How to complete this task:
Taking only the lines of the data below from the line with "Sterl Silver Rh-plt" to the line with "Miniatura 2 de", ends included, write them out exactly and without pictures.

Records to process:

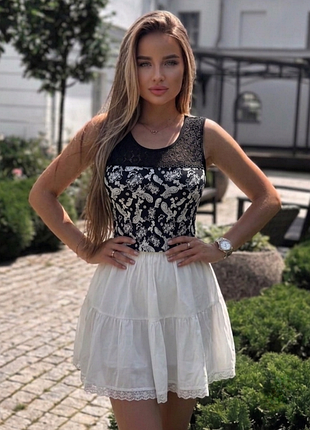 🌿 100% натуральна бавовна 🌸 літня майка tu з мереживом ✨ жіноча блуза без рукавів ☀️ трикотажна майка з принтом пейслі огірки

* * *

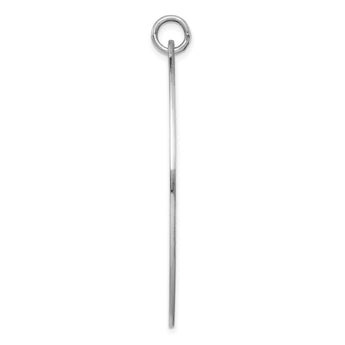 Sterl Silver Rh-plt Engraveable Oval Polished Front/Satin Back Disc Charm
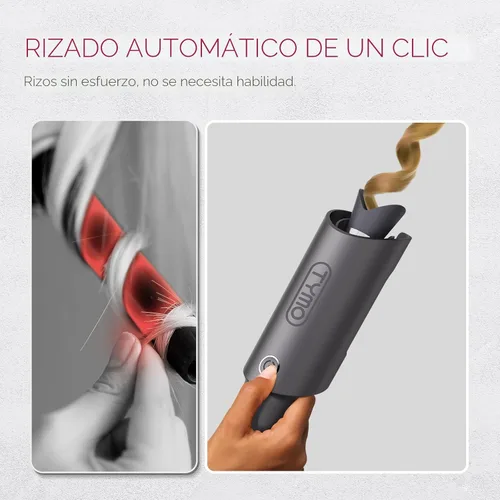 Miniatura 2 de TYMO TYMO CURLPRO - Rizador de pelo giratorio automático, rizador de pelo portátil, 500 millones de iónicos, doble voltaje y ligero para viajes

--

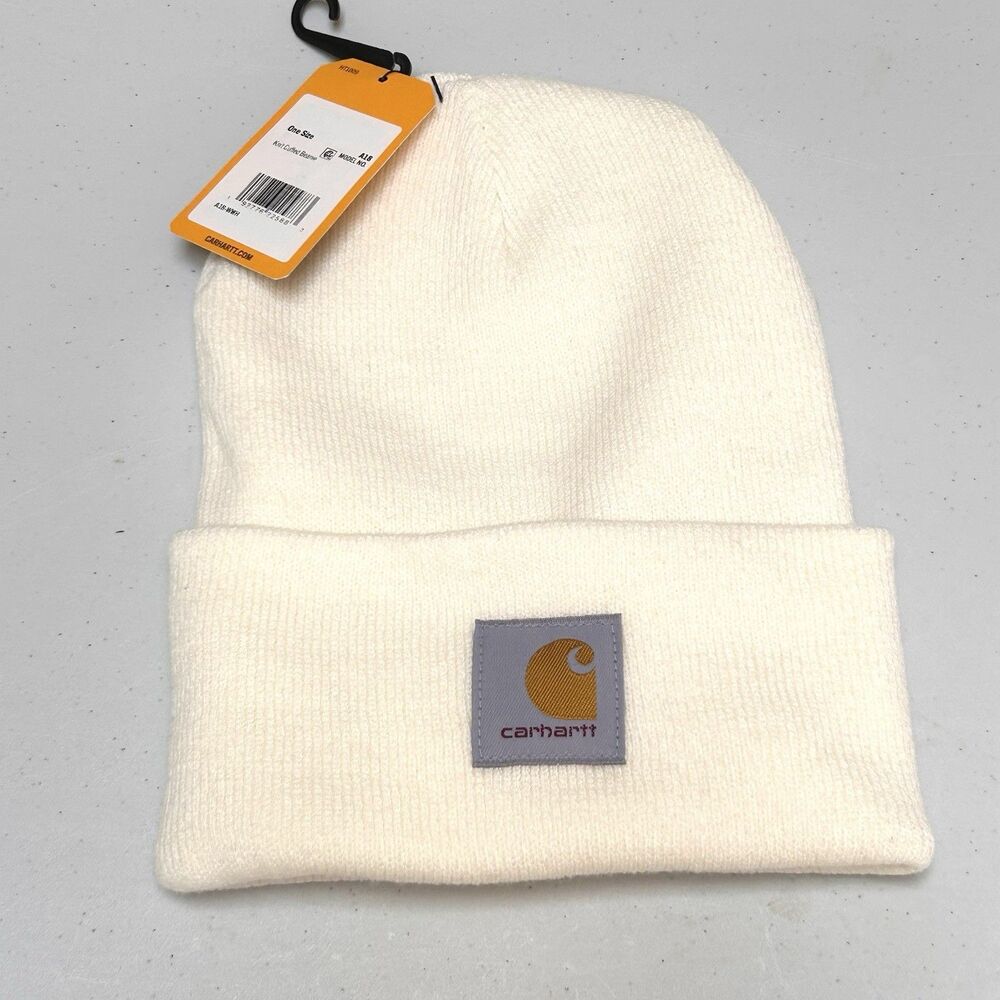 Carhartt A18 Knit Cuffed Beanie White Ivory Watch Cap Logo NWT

Written solution:
 Sterl Silver Rh-plt Engraveable Oval Polished Front/Satin Back Disc Charm
 Miniatura 2 de TYMO TYMO CURLPRO - Rizador de pelo giratorio automático, rizador de pelo portátil, 500 millones de iónicos, doble voltaje y ligero para viajes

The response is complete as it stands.